Nevertheless, it seems the war in Ukraine has virtually ended any skepticism about the importance of the South Caucasus for US interests. Indeed, the new geopolitical reality has pushed the Biden administration to greatly intensify diplomatic activity in the region and reconsider the “reset” policy. In light of the war, it appears that the drivers of US interests in the normalization of relations between Armenia and Azerbaijan might shift from centering on US domestic politics to strategic interests in Caspian Sea energy resources and the South Caucasus’ potential as a critical node for regional transit and telecommunications infrastructure. For the first time in the past decade, this new situation pushes the US to no longer silently accept Moscow’s monopoly in negotiating Armenian-Azerbaijani relations.

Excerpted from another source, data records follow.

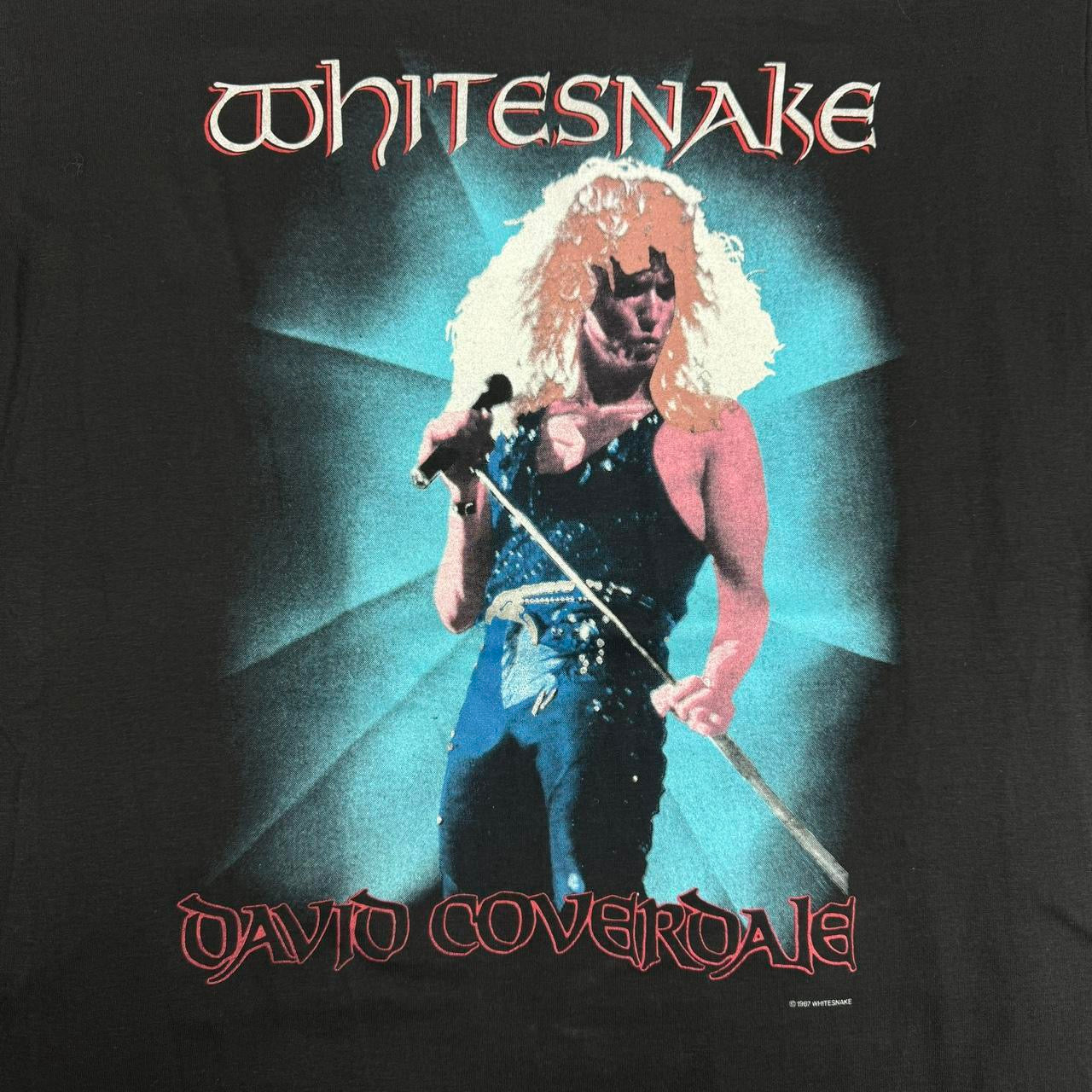 Vintage  1987 Whitesnake David Coverdale black t-shirt Size XL
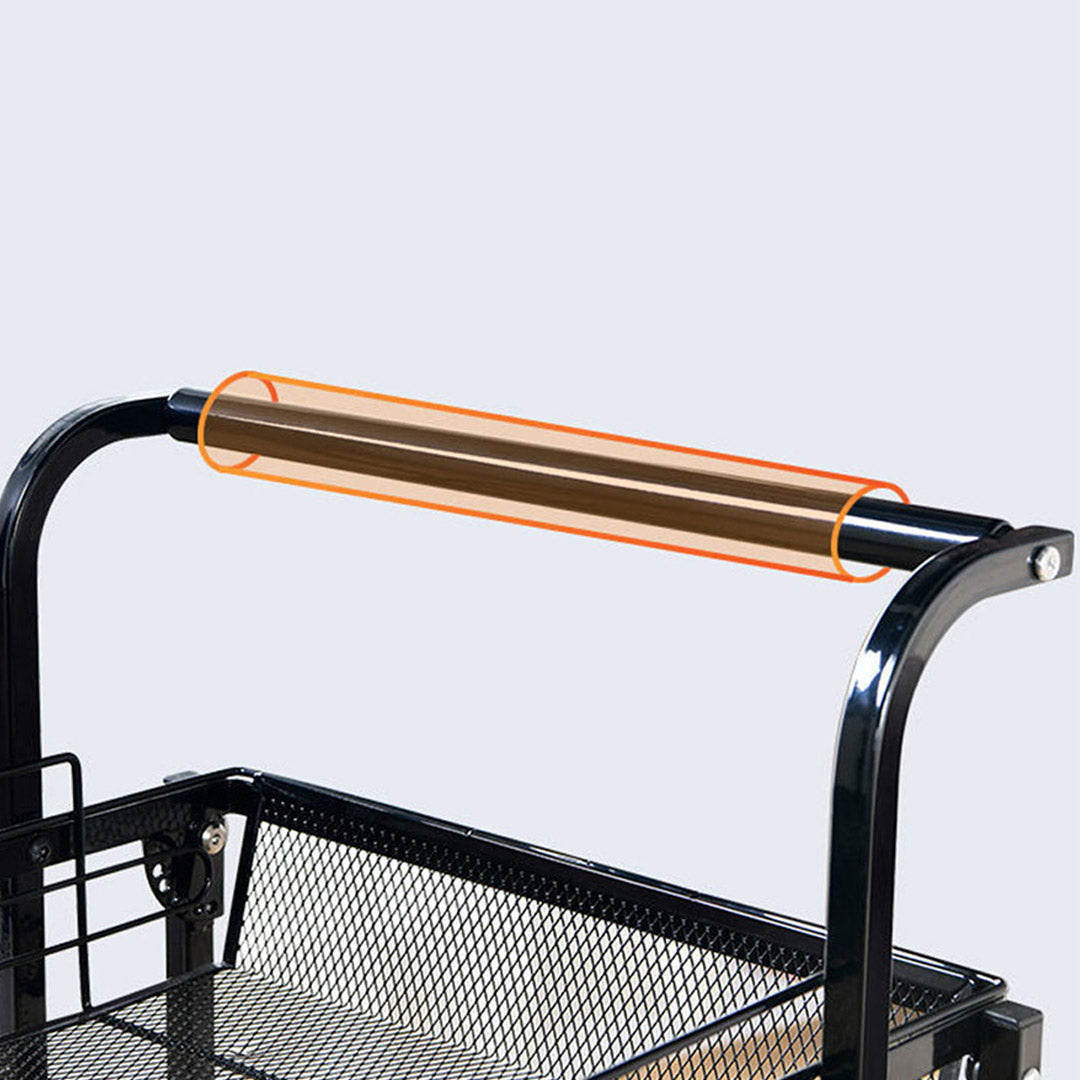 SOGA 2X 3 Tier Steel Black Adjustable Kitchen Cart Multi-Functional Shelves Portable Storage Organizer with Wheels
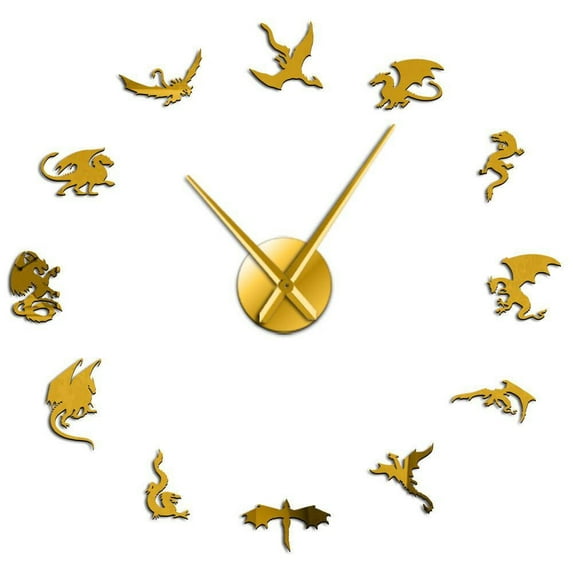 Dragon Wall Art DIY Wall Clock Medieval Mythical Dragon Silent Large Wall Clock Decoration(Gold,47inch)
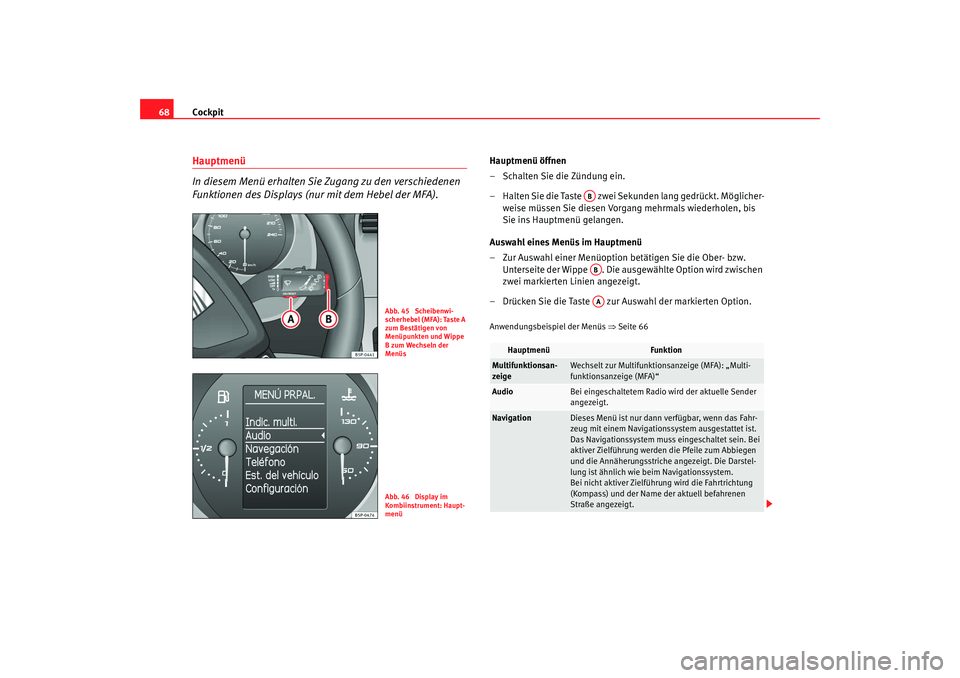 SEAT TOLEDO 2009 Repair Manual Cockpit
68Hauptmenü
In diesem Menü erhalten Sie Zugang zu den verschiedenen
Funktionen des Displays (nur mit dem Hebel der MFA).
Hauptmenü öffnen
– Schalten Sie die Zündung ein.
– Halten Sie SEAT TOLEDO 2009 Repair Manual Cockpit
68Hauptmenü
In diesem Menü erhalten Sie Zugang zu den verschiedenen
Funktionen des Displays (nur mit dem Hebel der MFA).
Hauptmenü öffnen
– Schalten Sie die Zündung ein.
– Halten Sie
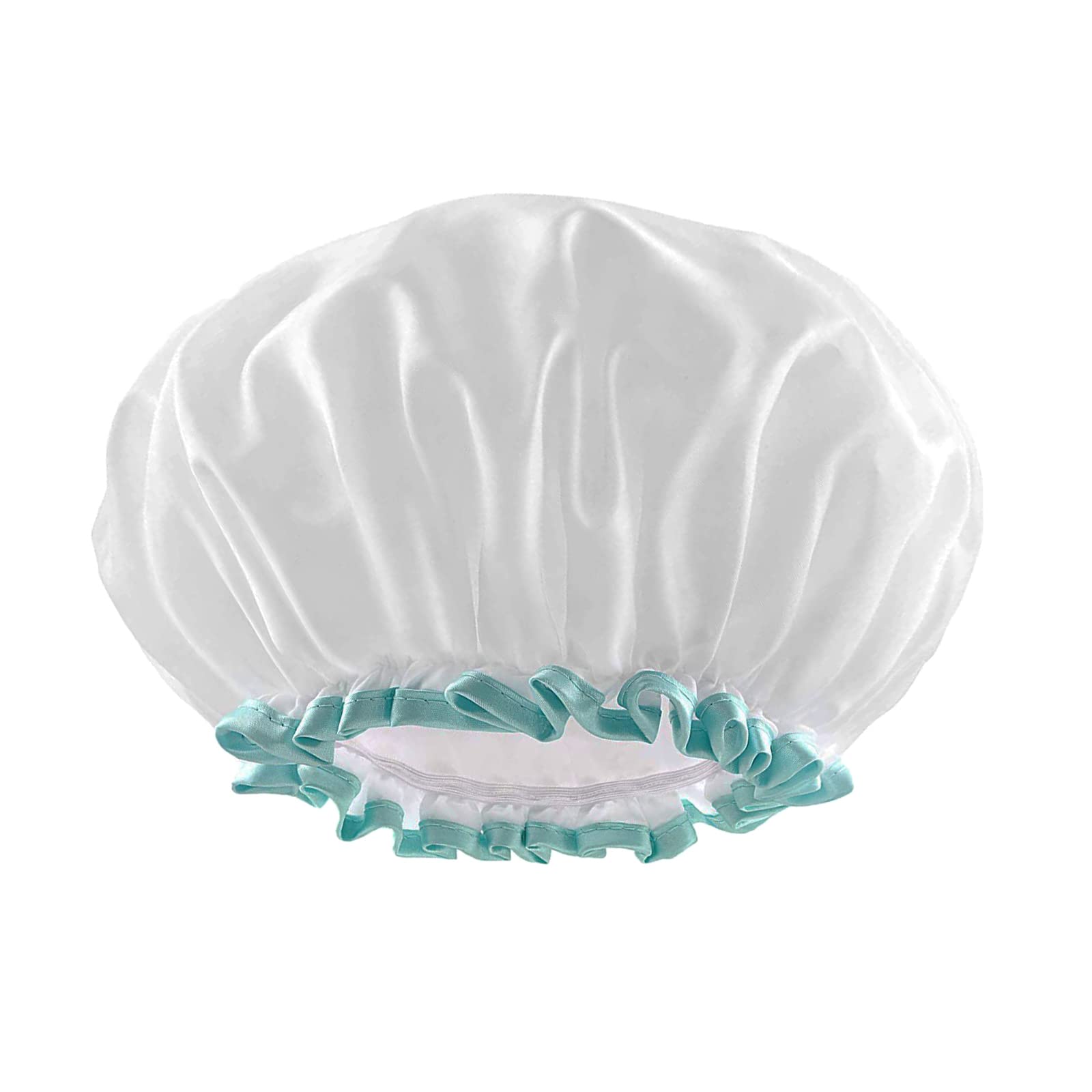 Shower Caps, Reusable Shower Bath Caps, Double Layer Waterproof Hair Caps, Elastic Band Bathing Shower Hair Caps, Bright Colors Lace Shower Cap (white blue)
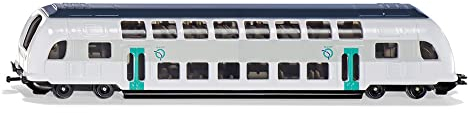 siku 1791001, Train à deux étages RATP France, 1:87, métal/plastique, turquoise/blanc, compatible avec d'autres jouets siku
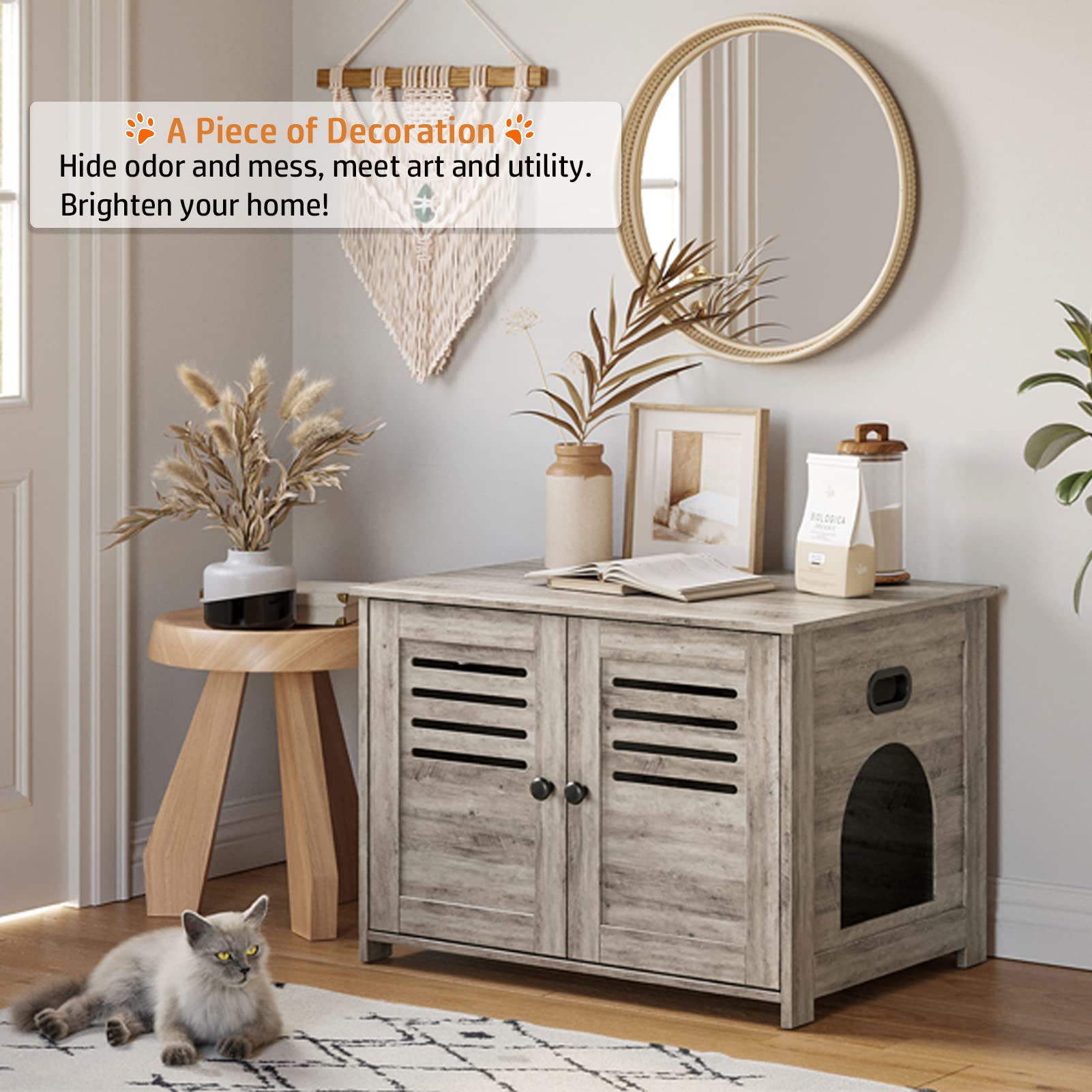 Dinzi Lvj Litter Box Enclosure, Cat Litter House With Louvered Doors, Entrance Can Be On Left Or Right Side, Spacious Hidden Cat Washroom For Most Of Litter Box, Cat Furniture Cabinet, Greige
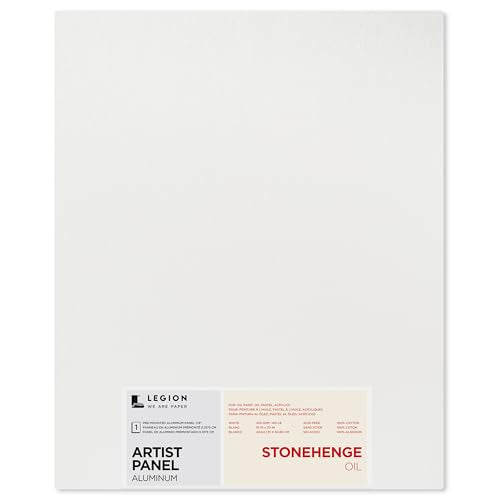 Legion Artist Panel, 1/8" Composite Brushed Aluminum with Stonehenge Oil 100% Cotton White 320gsm Paper, 16 x 20 inches for Oil Media - size: 16x 20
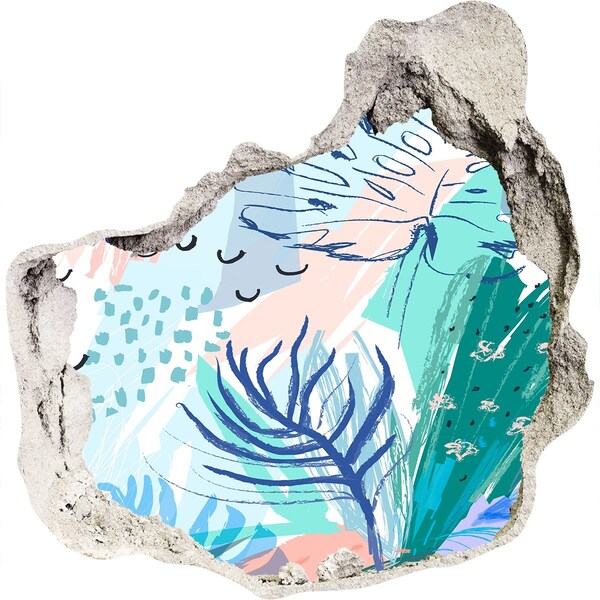 Autocolant de perete gaură 3D Paradis tropical în spatele zidului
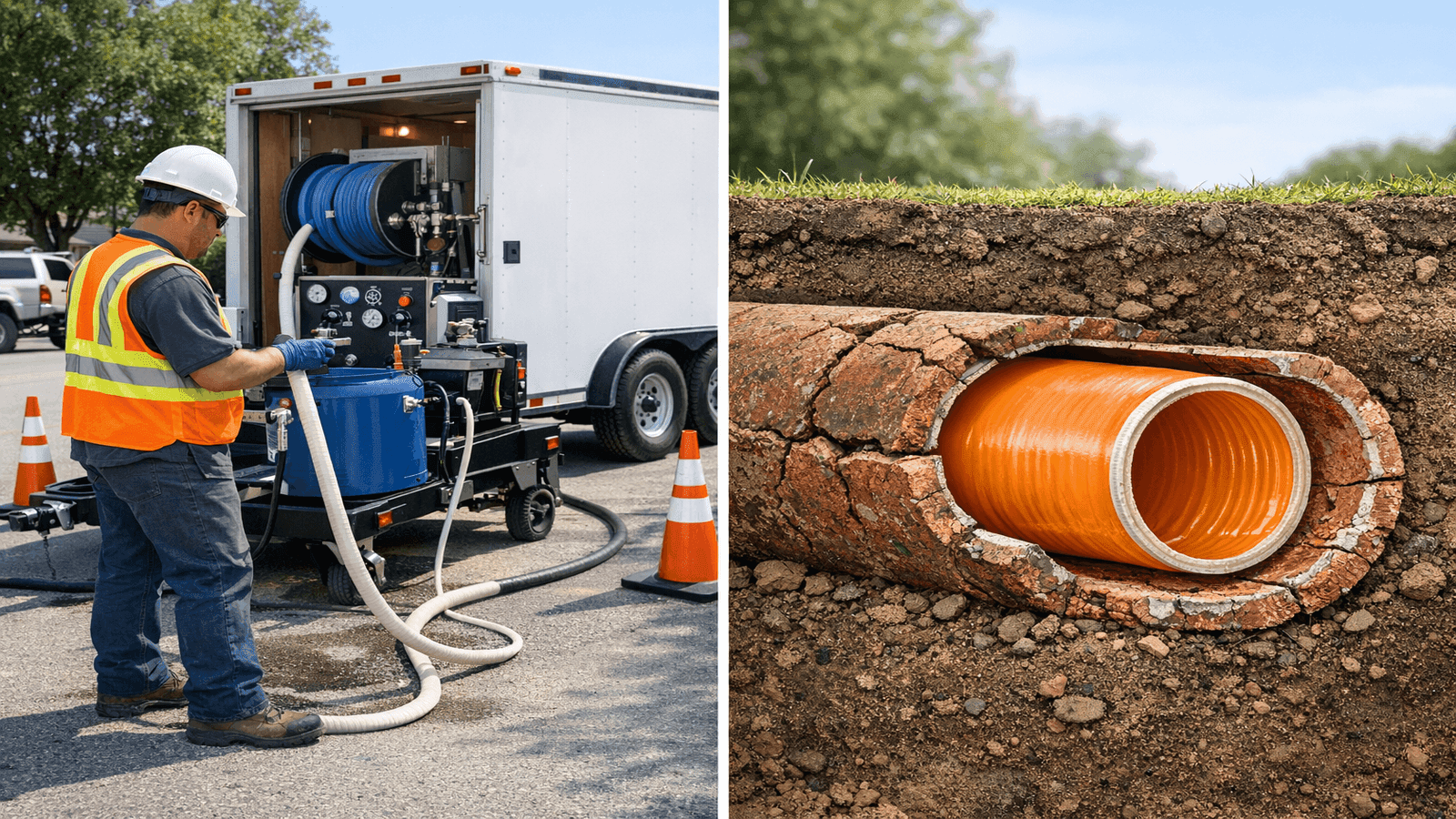 Technician operating CIPP trenchless pipe lining equipment with cross-section view of liner inside old sewer pipe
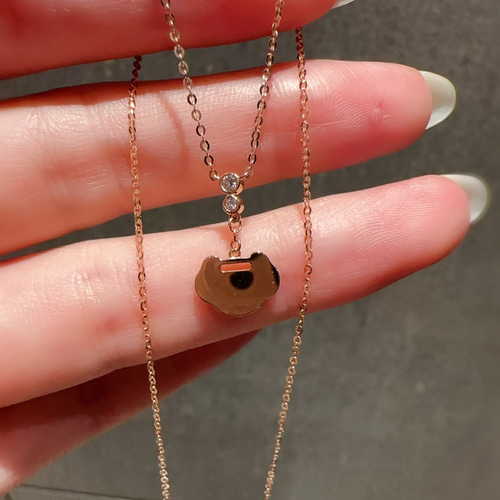 天然ダイヤモンド付きメノウネックレスk18 ネックレス・ペンダント  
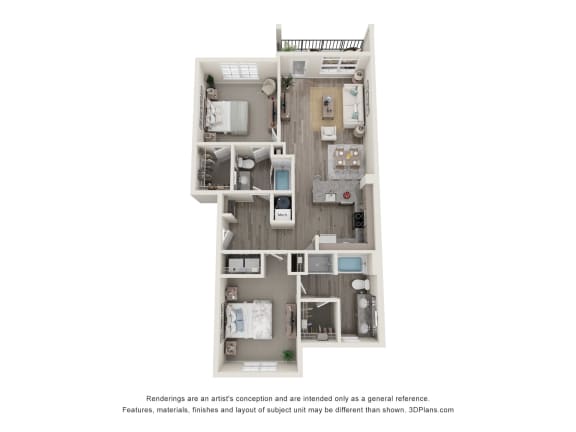 2 Bed 2 Bath 1117 sq ft Apartment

In 2022, President Biden addressed three letters to Azerbaijani President Ilham Aliyev, which was an unprecedented demonstration of interest for the current US administration (President.az, March 20May 20; Azernews.az, June 1). In the letter addressed to Baku Energy Week participants, Biden reemphasized Azerbaijan’s “critical role in helping stabilize European energy security.” Meanwhile, we are witnessing more frequent visits of US officials to the region, regular phone calls to keep apprised of Armenian-Azerbaijani relations and an increase in the release of official US statements regarding the region.

A fast resolution of Armenian-Azerbaijani disputes, along with a peace agreement, will diminish the potential threats to strategic oil and gas pipelines in the region, which, in some places, are only a few kilometers away from the trenches of both countries’ military units. Lasting peace between Armenia and Azerbaijan will also contribute to the security of the region’s vast energy and trade potential. Currently, access to Central Asian energy runs through Azerbaijan and Georgia. After the Armenian-Azerbaijani trilateral agreement in 2020, which was supposed to open the Zangezur Corridor and three decades of blockades, Armenia also presents the potential to provide a connecting link between Europe and Asia (Modern Diplomacy, March 7, 2021; Emerics.org, August 8).

The reactions from Yerevan and Baku to Washington’s mediation efforts have been quite welcoming. In a letter addressed to Biden, Aliyev noted that Azerbaijan believes the US can play a critical role in normalizing Armenian-Azerbaijani relations, opening communications, establishing people-to-people contacts and promoting sustainable peace and economic progress in the South Caucasus. (President.az, July 4). Yet, unlike Armenia, Baku does not want to see US mediation occur within the framework of the Minsk Group co-chairmanship, which includes Russia and France as well. Frequent hints in US statements about the Minsk Group irritates Azerbaijani officials and the expert community in Baku. They believe US intentions to come together with Russia in this arrangement are “unscrupulousness” in light of the war in Ukraine (Afn.az, June 26; Facebook/Farhad.Mammadov, July 27).

Azerbaijan’s position is that the Minsk Group is dead and not relevant in the region anymore. The US is strong enough to be the sole mediator, without consultations from Moscow, and attempts to revive the co-chairmanship originates from pressures of the Armenian lobby. Therefore, hardened Baku welcomes the renewed US initiatives while remaining cautious about Washington’s ability to balance lobbying interests, ideologies and strategic communications between Azerbaijan and Armenia.